Sur la solitude
Depuis longtemps je vis en apnée modérée, traduction d’une tendance à l’introversion, à aimer l’isolement. Je profite d’être chez moi pour recharger les batteries, tout en remontant régulièrement à la surface pour respirer le réel et évoluer en société, côtoyer des gens, cultiver le vivre ensemble.
Auparavant, j’arbitrais un certain équilibre entre vie sociale et besoin de solitude, en disposant de la capacité à moduler mon niveau d’énergie.
Mais avec le covid et l’isolement continu, s’est opérée une vraie désynchronisation entre moi et le monde qui a poussé à son paroxysme ce trait de caractère particulier, celui d’être solitaire.
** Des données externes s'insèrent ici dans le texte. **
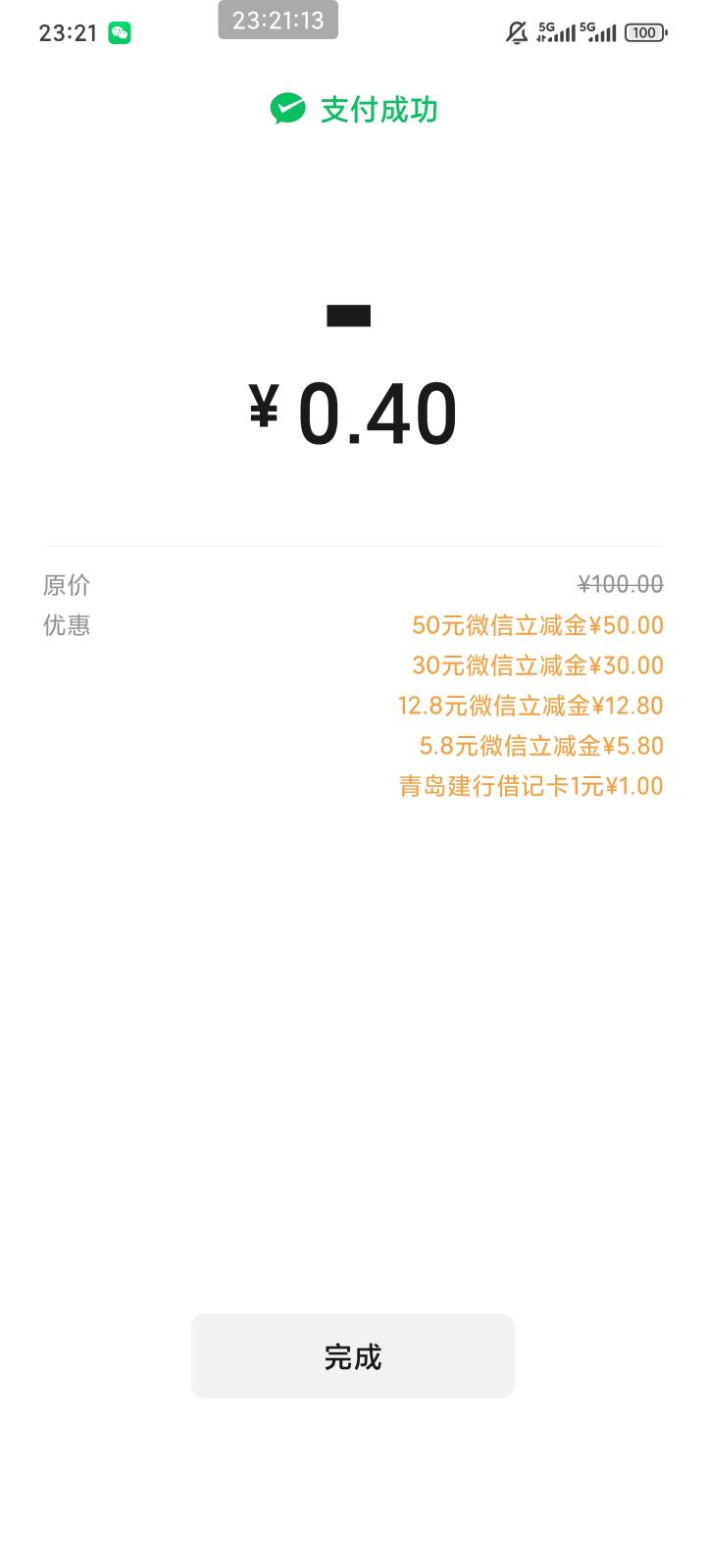 全低保，拍大腿打王者巅峰赛一波六连跪，真想打人机队友。



26 / 作者:会飞的大鲨鱼 /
L’air extérieur m’est maintenant irrespirable, étouffant, opaque, et me pousse à plonger sous l’eau de plus en plus souvent et longtemps. Je commence à perdre pied dans l’ivresse des profondeurs, à développer une aversion quant à l’idée de remonter à la surface, cumulant concomitamment la peur d’un jour n’être plus en capacité d’y revenir. Je me sens perdre le contrôle, ployer, n’avoir pour seul choix que de m’enfoncer, m’effacer dans les limbes réconfortants face à ce que l’existence juge d’oppressant.
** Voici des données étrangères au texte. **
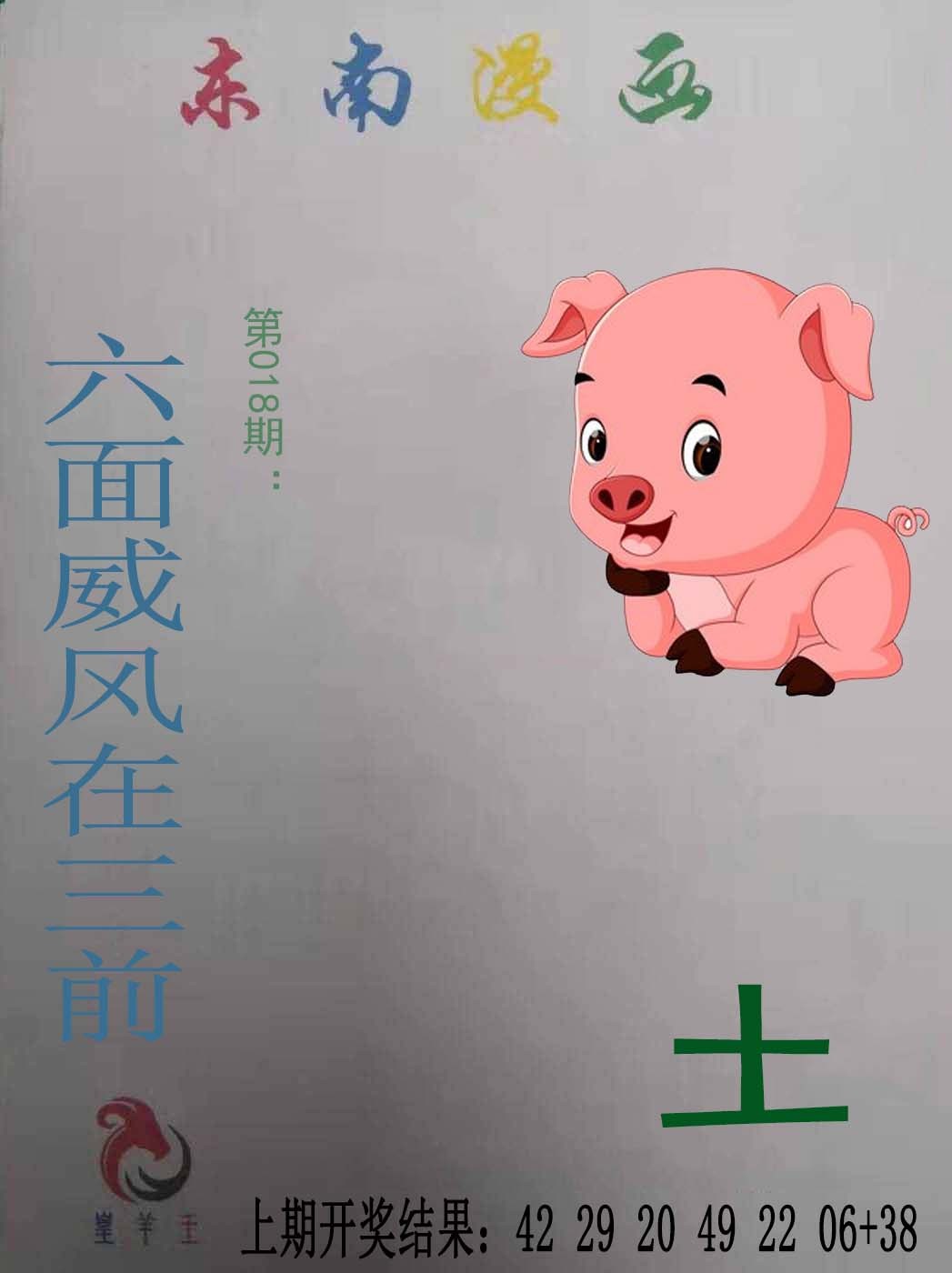 2025018期东南漫画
En vérité il me devient extrêmement couteux en énergie de me maintenir à la surface. Je suffoque. L’état solide de ce ressenti est semblable à une énorme dalle de béton imperméable.
Aller à l’extérieur est pesant ; me retrouver dans le train, dans un centre commercial ou un magasin me donne des vertiges ; plus généralement tout espace clos m’est à ce jour devenu insupportable, et même dehors je ne supporte plus les foules, la densité. J’ai besoin de m’échapper, de fuir, vite, au risque sinon d’être en proie à la panique. Il est de ces moments où j’aimerais appuyer sur un bouton pour faire disparaître le monde. Je cherche le calme, l’absence, les grands espaces vides, comme ceux que m’offrent en substance la vue depuis les fenêtres de mon appartement.
Plus le temps passe plus l’isolement s’accentue. Je perds la connexion réseau avec le réel, happé par l’angoisse. Assis dans le métro, je m’observe un peu à la troisième personne, incapable de m’empêcher de chercher des yeux les sorties, l’Ailleurs, conscient du caractère récurrent de ces commotions à l’intensité grandissante. Je suis obligé de canaliser mon esprit par la force, de mobiliser et déployer l’ensemble de mes ressources, de trouver des parades et des subterfuges palliatifs, de fermer les yeux, respirer profondément ; pour ne pas sombrer totalement.